Der „kleine Parteitag“war allein zur Entscheidung über den Koalitionsvertrag einberufen worden. Am kommenden Wochenende wird die SPD dann ihren regulären Parteitag abhalten, bei dem es auch um wichtige personelle Weichenstellungen geht. So wird Norbert Walter-Borjans sich aus der Parteispitze zurückziehen, die er bislang gemeinsam mit Saskia Esken bildet. Seinen Platz soll Lars Klingbeil übernehmen. Der noch amtierende Generalsekretär hat die SPD-Kampagne für die Bundestagswahl verantwortet und anschließend für die SPD-Seite die Koalitionsverhandlungen moderiert. „Ich bin wahnsinnig stolz auf das, was wir da gemeinsam verhandelt haben“, sagt Klingbeil. Neuer Generalsekretär soll Kevin Kühnert werden, der frühere Juso-Chef, der Olaf Scholz einst als Parteichef verhindert hatte. Nun ist er bald qua Amt für die Kampagne zur Wiederwahl von Scholz als Bundeskanzler in vier Jahren zuständig.
Wie sich die Zeiten doch ändern bei der SPD. Vor knapp vier Jahren hatte die Partei nur äußerst widerstrebend den Gang in eine weitere Große Koalition mit der Union angetreten. Zahlreiche prominente Sozialdemokratinnen und Sozialdemokraten wären lieber in die Opposition gegangen. Die Entscheidungen fällte schließlich die Basis. Rund zwei Drittel der Mitglieder, die ihre Stimmen abgaben, waren dann doch fürs Mitregieren. Dass nach dem Wahlsieg im September am Regierungswillen der SPD diesmal keinerlei Zweifel besteht, war dagegen klar.
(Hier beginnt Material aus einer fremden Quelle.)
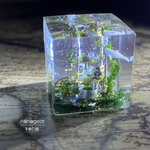 Atlantis(螺旋階段)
Statt auf einen Mitgliederentscheid setzte die Partei wieder auf einen Parteitag. Auf dem stimmen schließlich 98,8 Prozent der Delegierten für die Ampel. Mit lang anhaltendem Applaus wird das Ergebnis quittiert.
Die SPD hat, anders als Grüne und FDP, noch nicht bekannt gegeben, mit welchen Persönlichkeiten sie die ihr zustehenden Ministerien besetzen will. An diesem Montag dürfte feststehen, wer neben dem Kanzleramt die sechs Ressorts Innen und Heimat, Arbeit und Soziales, Verteidigung, Gesundheit, Bauen sowie Wirtschaftliche Zusammenarbeit und Entwicklung übernimmt. Am Mittwoch soll Olaf Scholz vom Bundestag als Nachfolger von Angela Merkel (CDU) zum Kanzler gewählt werden.